Given data:
↓

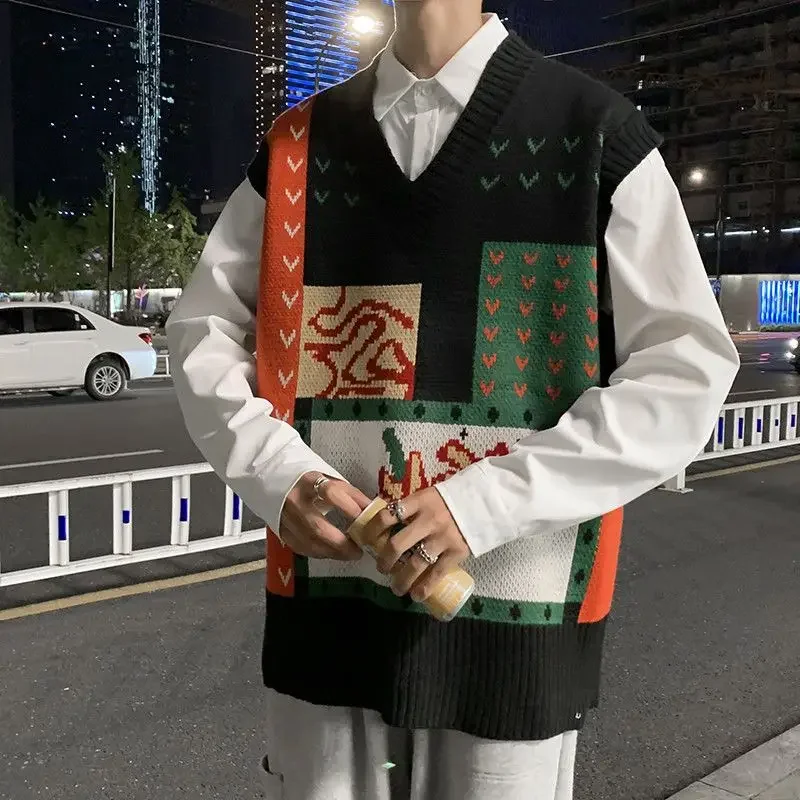 

Knit Sweater Male Vest Patchwork Black Cute Sleeveless Men's Clothing Waistcoat Graphic Korean Style Winter 2023 New in Fashion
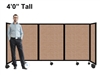 4Ft Tall Portable Room Divider Partition on Wheels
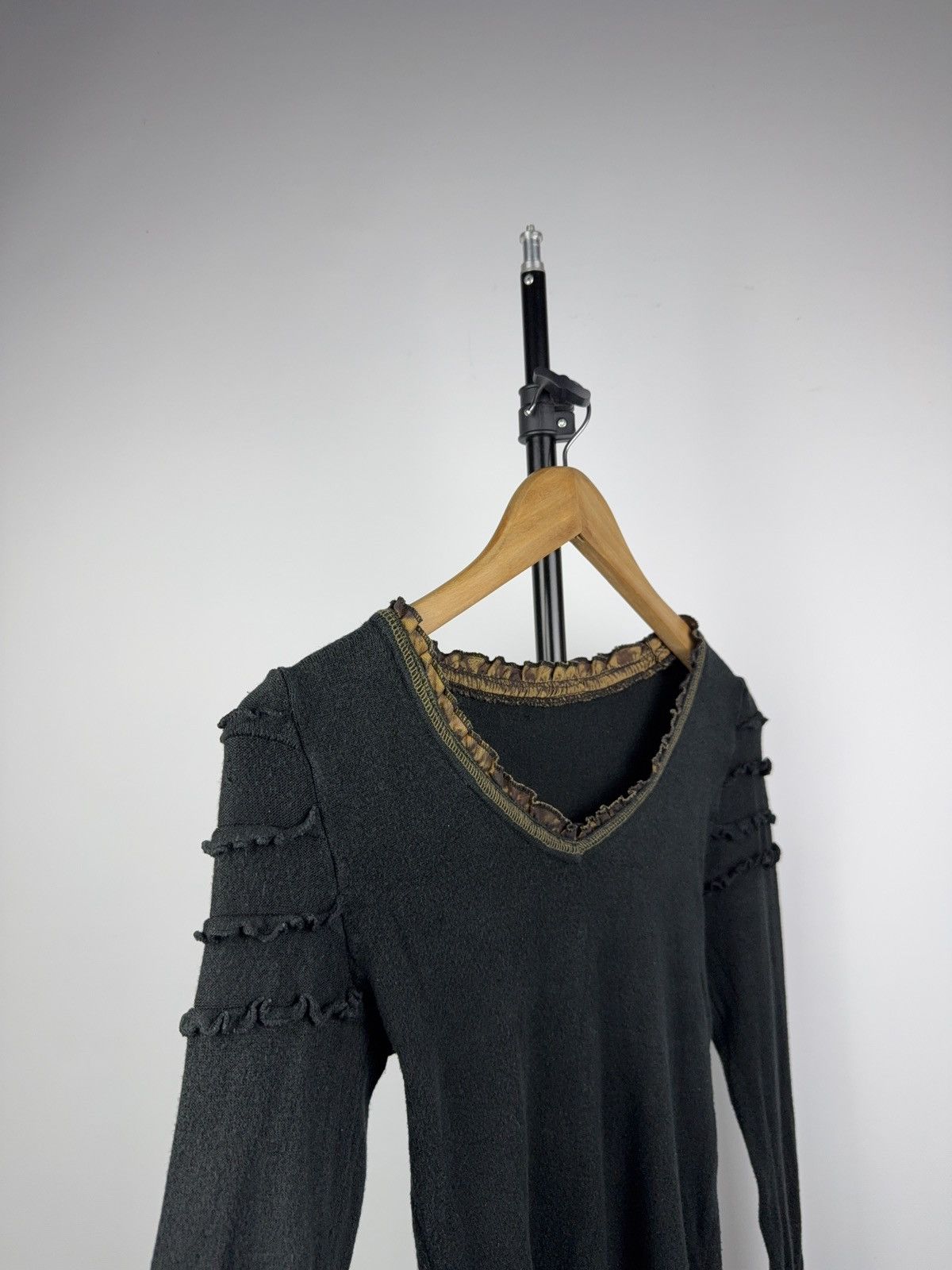Japanese Brand Vintage Gothic Ruffle Trim Black Sheer Long Sleeve Top Size S / US 4 / IT 40 - 2 Thumbnail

↑

Task objective: Up to and including the line containing "4Ft Tall Portable", repeat every line from the start of the data, but none of the pictures.

Result of the exercise:
Knit Sweater Male Vest Patchwork Black Cute Sleeveless Men's Clothing Waistcoat Graphic Korean Style Winter 2023 New in Fashion
 4Ft Tall Portable Room Divider Partition on Wheels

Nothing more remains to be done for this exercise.